In the late afternoon I was about to go out on an errand when it began to rain.  Ah, it was so nice, settling the dust, clearing the air, washing my car (although this morning I had paid the gateman at Ndingi to wash it for me while I was at the meeting).  Even though my car was clean when I left Ndingi it was dusty by the time I drove out to the road, maybe 150 yards, and on the road into the parish and around to where I live.  This morning when I went out to go to Ndingi it was so dusty I couldn’t see out the rear window.

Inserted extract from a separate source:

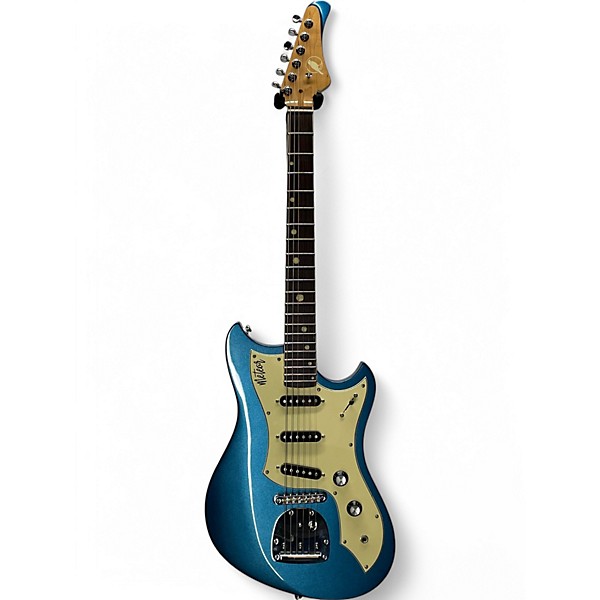Used Cave And Canary METEOR DELUXE Metallic Blue Solid Body Electric Guitar,Specials : American Fashion Style Bags On Sale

Not going on my errands, I took a nap instead, always a luxury and particularly wonderful to be lulled to sleep by the rain.  Later when I woke, my eye fell on one of the DVD’s I had brought along so I slipped it into my computer and watched God Got Tired of Us about the lost boys of the Sudan.  It must have been based on the book, What Is the What which I have read and recommended often.  This is a true story of the trek these boys made, over 1000 miles from southern Sudan to Ethiopia and then to Kakuma Refugee Camp in northwestern Kenya.  It followed 4 boys who were among the some 10,000 who were taken to the US to live and go to school, eventually to possibly return to Sudan to help rebuild the country.  Some have actually returned, even though the fighting with the north has not completely stopped.  I cried at the scene of the arrival in New York of the  Dinka mother, having not seen her son for almost 15 years.  She collapsed in the arrival section but later danced and ululated through the airport.  Her son, some 7’ tall had been in the US too long—he seemed embarrassed by his mom.  She was just celebrating in the only way she knew how.

It’s a great documentary, the last ½ of which shows their struggle living in Syracuse, NY, having never seen electricity, a shower, a refrigerator, toilet……  They had to learn everything that we never even think about.  Watch it if you can.  I would think Netflix has it.

I’ll write again when I have something more interesting to tell.